Makan Kacang Kenari Setiap Hari Bantu Turunkan Kolesterol Jahat Kata Ahli
·waktu baca 3 menit

Kacang kenari adalah salah satu jenis yang kaya akan nutrisi. Camilan renyah ini kerap dijadikan topping kue ataupun campuran makanan. Tidak mengherankan kalau kenari mampu mengobati beberapa penyakit. Baru-baru ini sebuah studi menemukan fakta menarik dari kacang satu ini, yaitu dapat menurunkan kolesterol jahat, lho.
Kacang yang biasa dikenal dengan sebutan walnut ini adalah sumber lemak, protein, dan serat yang menyehatkan. Kacang kenari juga mengandung vitamin dan mineral yang bermanfaat bagi kesehatan. Tak hanya itu, walnut tinggi akan lemak tak jenuh tunggal, tak jenuh ganda, dan asam lemak omega-3. Serta sumber antioksidan yang baik.
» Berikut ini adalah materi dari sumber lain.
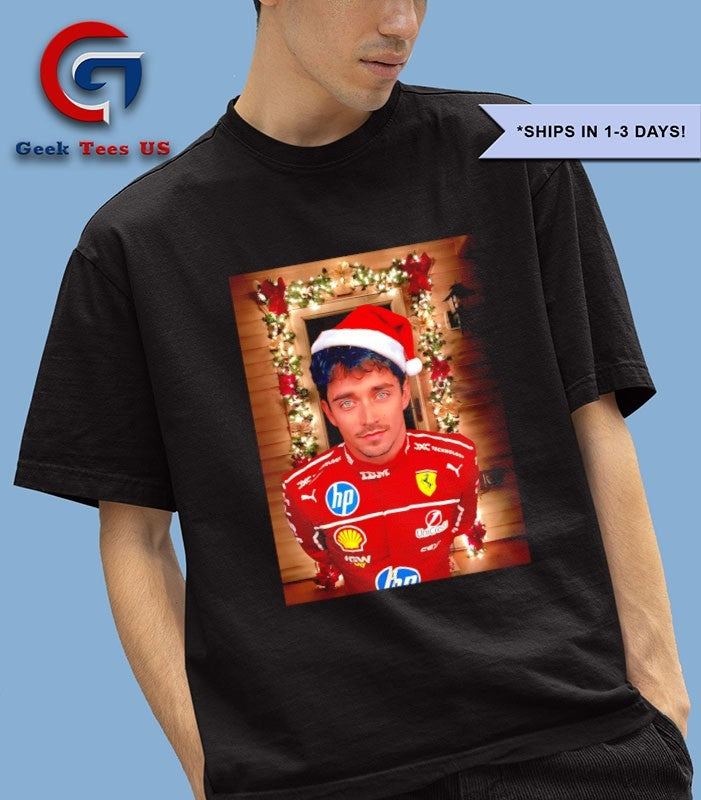 Santa hat Charles Leclerc F1 Christmas shirt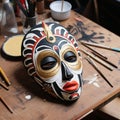 Crafting A Distinctive Indian-inspired Mask: Tabletop Photography With Traditional Techniques Royalty Free Stock Photo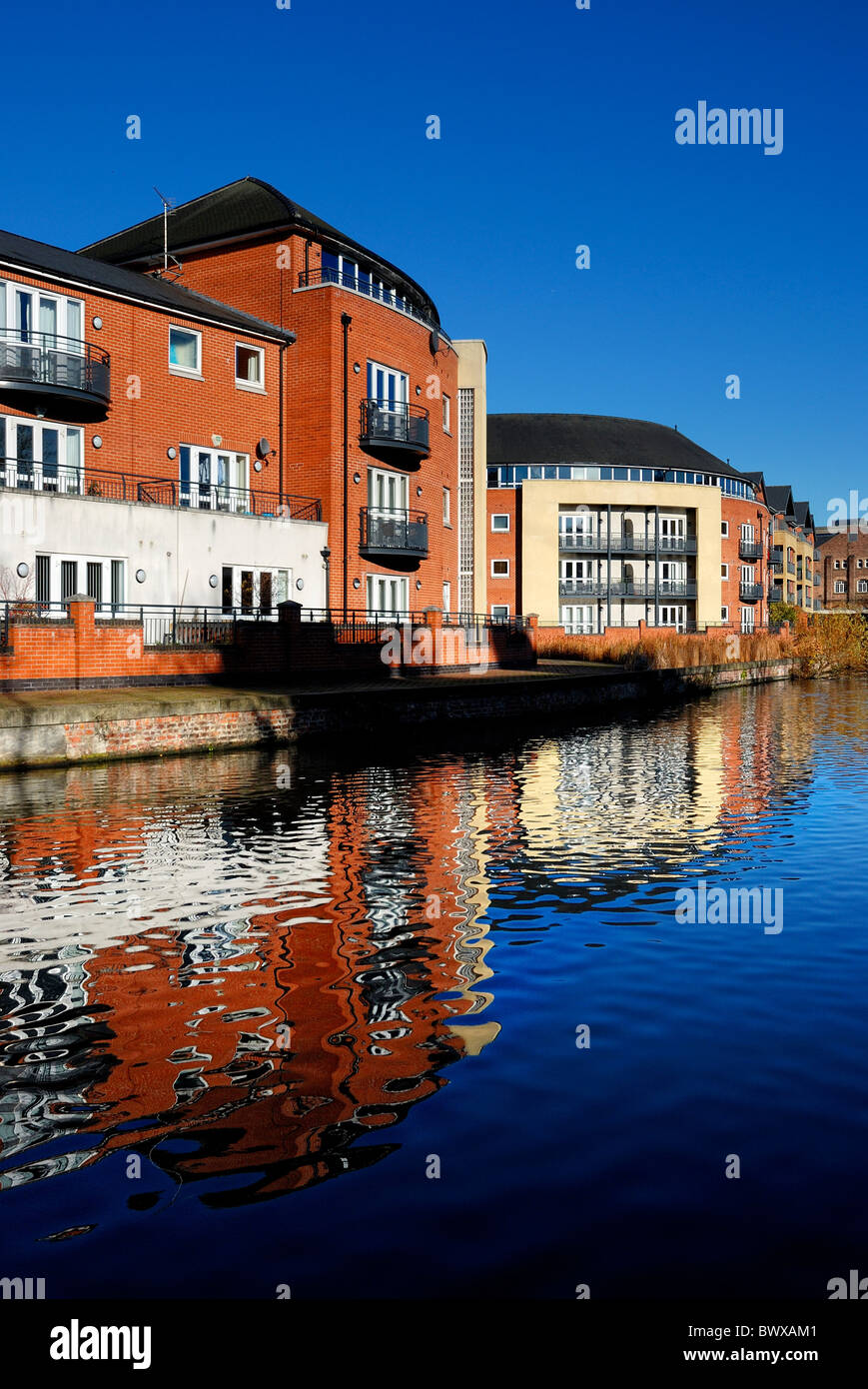 city flats apartments riverside canal reflection,Nottingham,England,UK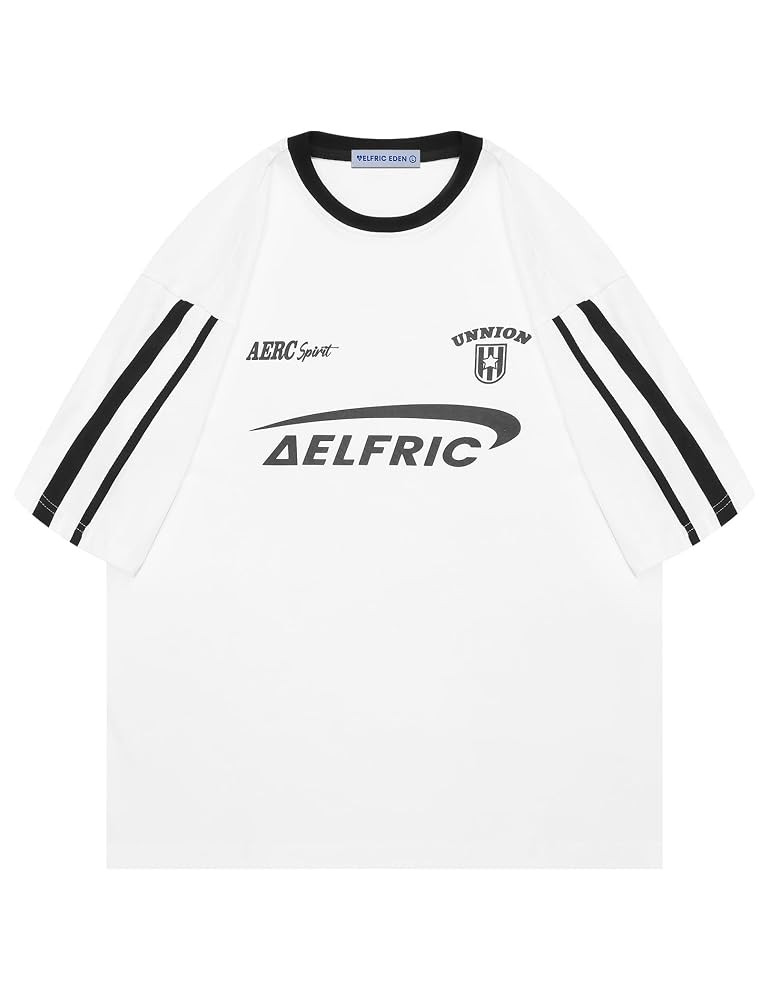 Aelfric Eden Graphic Tees Y2k Women Oversized T Shirts Striped Patchwork Crewneck Unisex Streetwe... | Amazon (US)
Kombinasi lemak sehat, protein, dan serat dalam kacang kenari membantu meningkatkan kepuasan dan rasa kenyang. Senyawa antioksidannya mampu membantu tubuh melawan dampak radikal bebas. Ini membuat kacang kenari cocok dijadikan camilan sehat setiap hari.
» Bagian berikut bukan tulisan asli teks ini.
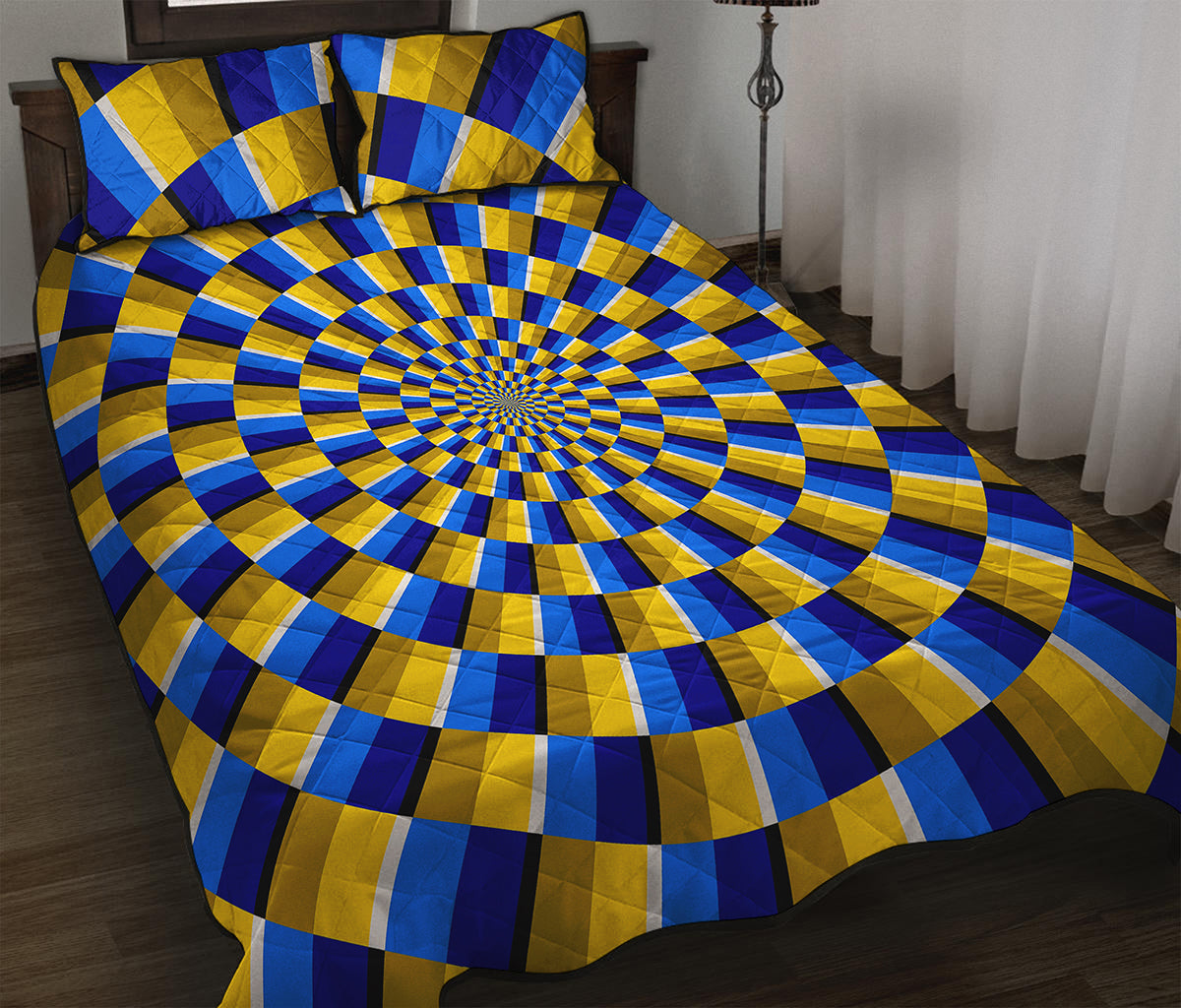 Dartboard Moving Optical Illusion Quilt Bed Set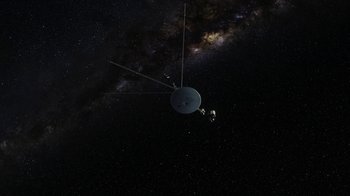 Movie still from “Men, Women & Children” (2014), directed by Jason Reitman – An image of a satellite in the sky at night; Extreme Wide shot, Overhead angle
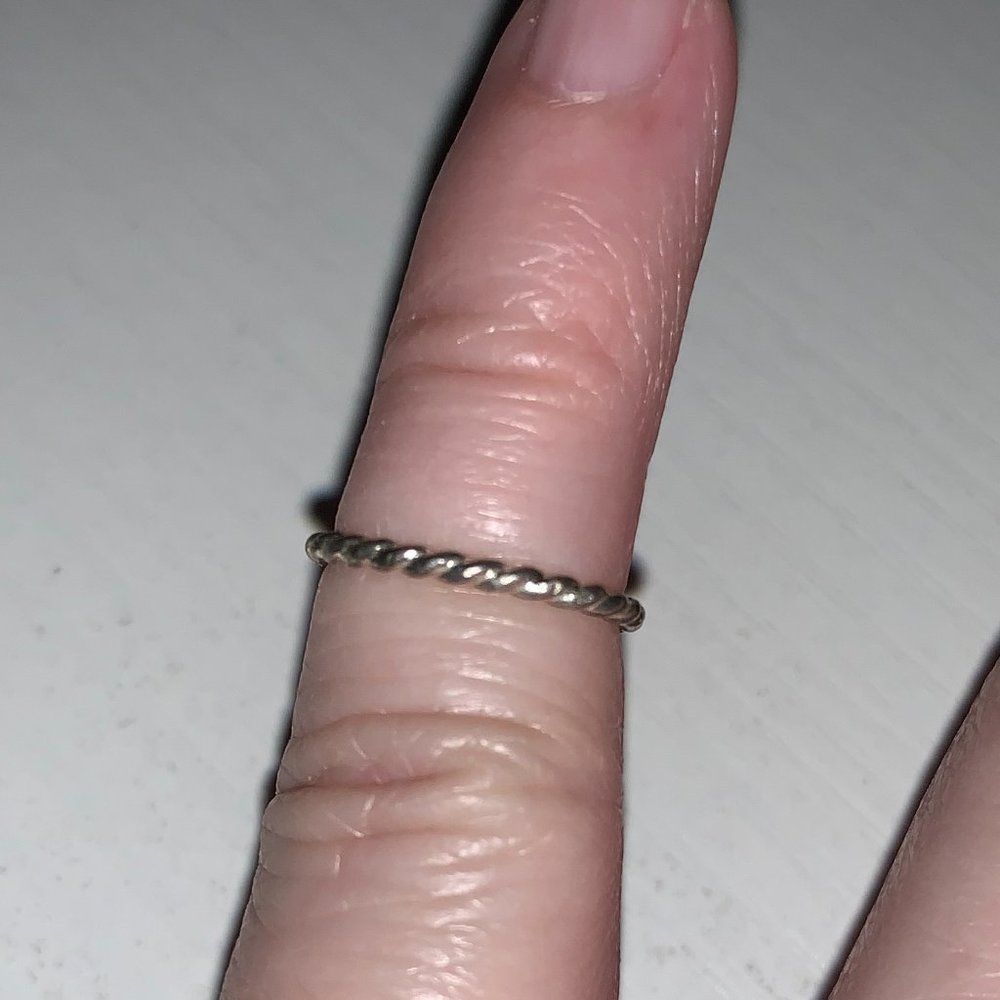 3/4 1.4mm Sterling Silver Thin Twist Ring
Hal ini semakin dikuatkan dengan hasil penelitian baru yang mengungkapkan bahwa mengonsumsi kenari setiap hari dapat membantu menurunkan kolesterol jahat dalam tubuh. Penelitian yang dilakukan oleh American Heart Association itu sebelumnya juga mencari tahu manfaat kenari dan kacang lainnya yang berpotensi menurunkan risiko sakit jantung dan stroke.
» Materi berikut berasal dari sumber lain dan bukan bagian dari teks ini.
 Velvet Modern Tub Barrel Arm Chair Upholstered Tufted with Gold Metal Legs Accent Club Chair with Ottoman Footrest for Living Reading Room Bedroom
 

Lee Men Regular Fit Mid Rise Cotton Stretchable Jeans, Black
Mengutip Healthy Food, kini mereka menemukan bahwa kenari mampu menurunkan kolesterol lipoprotein (LDL) atau kolesterol jahat, serta mengurangi kemungkinan partikel LDL akan membentuk plak di dinding arteri.
“Partikel LDL datang dalam berbagai ukuran. Penelitian telah menunjukkan bahwa partikel LDL kecil dan padat lebih sering dikaitkan dengan aterosklerosis, plak atau timbunan lemak yang menumpuk di arteri. Studi kami melampaui kadar kolesterol LDL untuk mendapatkan gambaran lengkap tentang semua lipoprotein dan dampak makan kenari setiap hari pada potensinya untuk meningkatkan risiko kardiovaskular, ” ujar Emilio Ros, penulis studi American Heart Association.
Penelitian yang dipublikasikan di jurnal Circulation ini, mengamati kadar kolesterol dan konsentrasi serta ukuran lipoprotein pada 628 orang yang berusia 63 hingga 79 tahun. Setengah dari responden telah makan kenari setiap hari selama dua tahun.
Dari hasil penelitian, para peneliti menemukan sedikit penurunan kadar kolesterol LDL dan Intermediate Density Lipoprotein (IDL) pada sekelompok orang yang telah makan kenari. Diketahui bahwa kolesterol LDL juga merupakan faktor risiko kardiovaskular lipid. Tak hanya itu, seseorang yang mengonsumsi kenari mengalami penurunan 4,3 persen partikel LDL dan 6,1 persen pengurangan jumlah partikel LDL kecil.
Meskipun pengurangannya tidak besar, Dr Ros mengatakan para peserta memiliki kadar kolesterol yang cukup terkontrol, dan menyarankan pengurangan yang lebih besar dapat diamati pada orang yang memiliki kadar kolesterol lebih tinggi.
“Makan segenggam kenari setiap hari adalah cara sederhana untuk meningkatkan kesehatan jantung,” katanya.
Menariknya, meski diharuskan untuk makan kenari dalam jumlah yang banyak setiap hari, para peserta justru terlihat tidak mengalami penambahan berat badan.